Let me tell you a story to illustrate. Once there was a young teen-aged girl who just might have been me. She lived out her Junior High years in an imaginary world of her own making, always imagining a different life, with different circumstances and different people.

 In High School, she began to grow up and somehow knew God wanted her to begin living in reality instead of trying to escape the ordinary, every-day life He had given her. As she looked around her, though, she realized that she was lonely. She had family who loved her, and she had friends she saw once in a while, but there was still something missing. 
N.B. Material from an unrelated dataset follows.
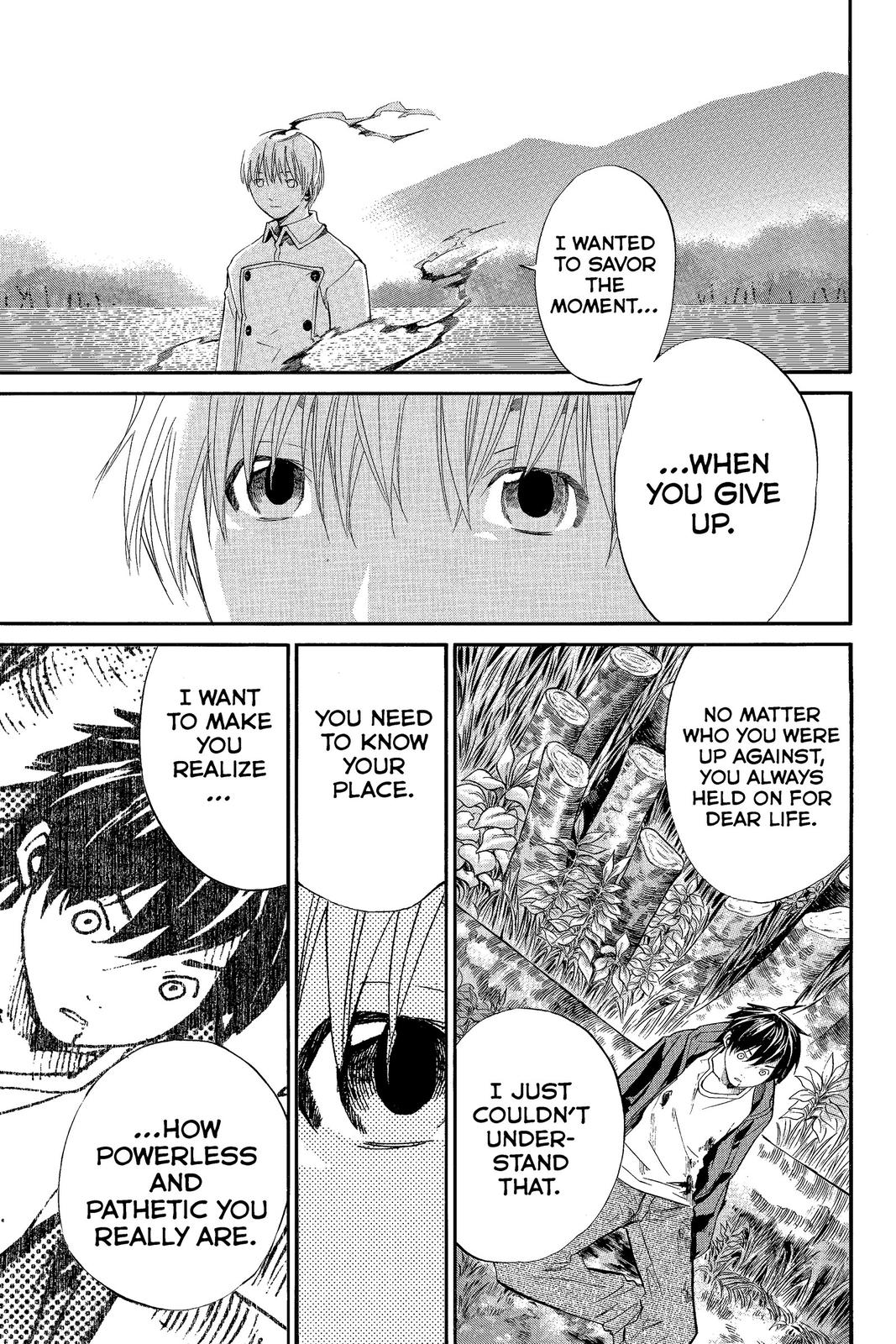 Read Alive_ The Final Evolution ENGLISH Manga Online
She began to seek the Lord, beginning again to read through her Bible and, for the first time, praying regularly. She would get up very early and sit by the window of her upstairs bedroom like a princess in a tower, but instead of imagining a prince charming emerging from amongst the apple trees, she now began to revel in the beauty of her moment-by moment reality: the way the light painted the leaves, how lovely the gentle breeze was that blew in from the open window, the joyful sound of robins singing as if to celebrate the new day, the truths she was learning as she sat there reading God’s Word. 
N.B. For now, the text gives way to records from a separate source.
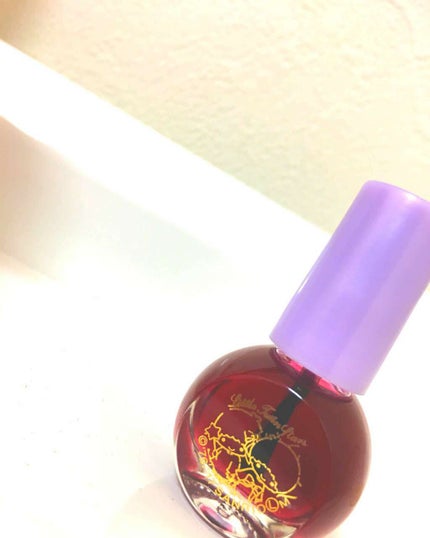 サンリオネイル/DAISO/マニキュアを使ったクチコミ(1枚目)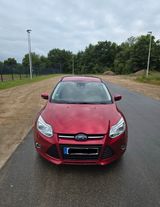 Ford Focus Mk3 1.6 EcoBoost - Ford Focus aus 2012: For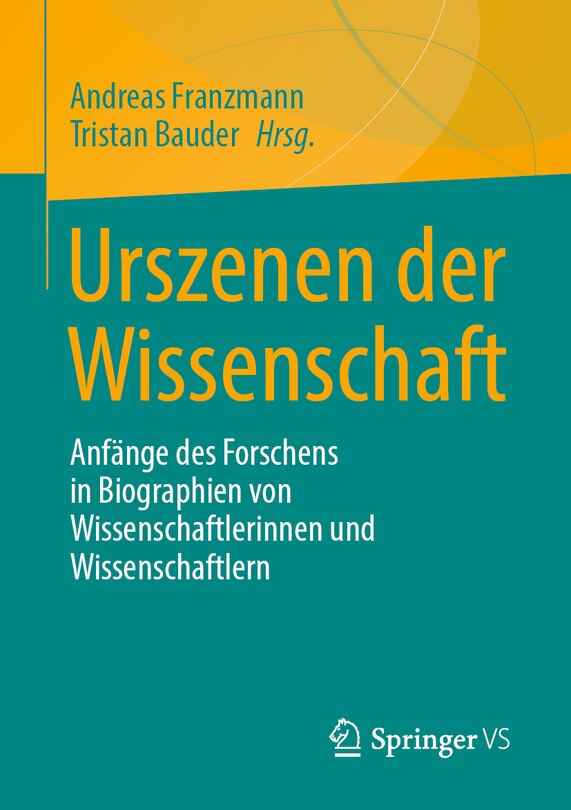 Front cover_Urszenen Der Wissenschaft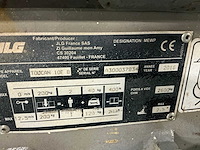 2016 jlg toucan 10e b hoogwerker - afbeelding 2 van  10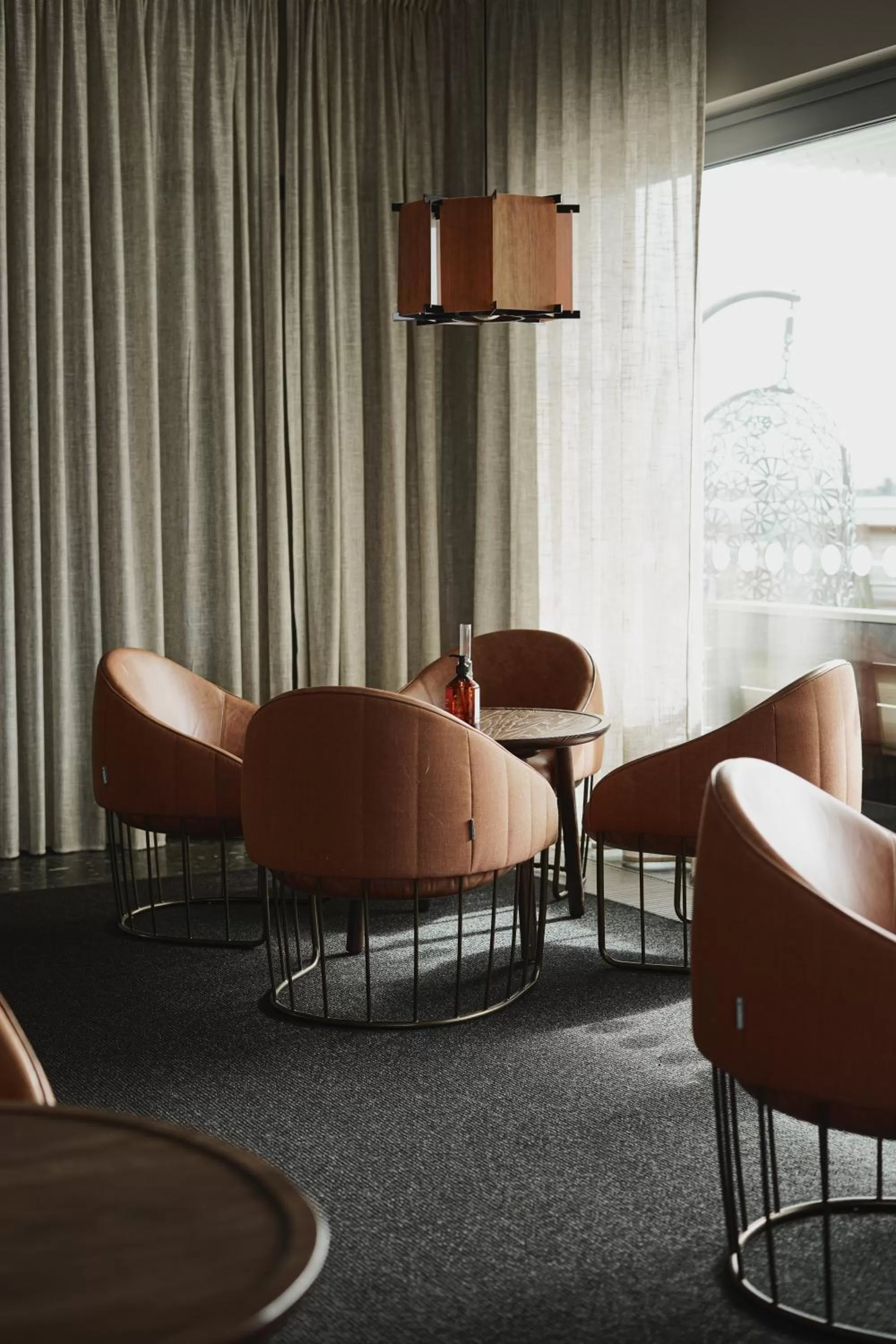 Restaurant/places to eat in Clarion Hotel Sea U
After a while, she began to realize that God was showing His love to her every day in small, sweet, thoughtful ways. Sometimes it was sending a bird to sing to her on a particularly dreary day, another time it was a yard full of her favorite flowers which she had never noticed before, even though she walked past it nearly every day. Another time a whole string of traffic stopped to let her across the street when she wasn’t feeling well but had to walk to piano lessons anyway.

Bit by bit, she began to see God at work and the more she saw His love, the more she looked for Him. And the more she looked for Him, the more she found Him, right there, showing His love for her again and again. And soon her loneliness began to lessen, and she began to find that God is enough, even for the routine of daily life during a seemingly insignificant and unimportant season of life.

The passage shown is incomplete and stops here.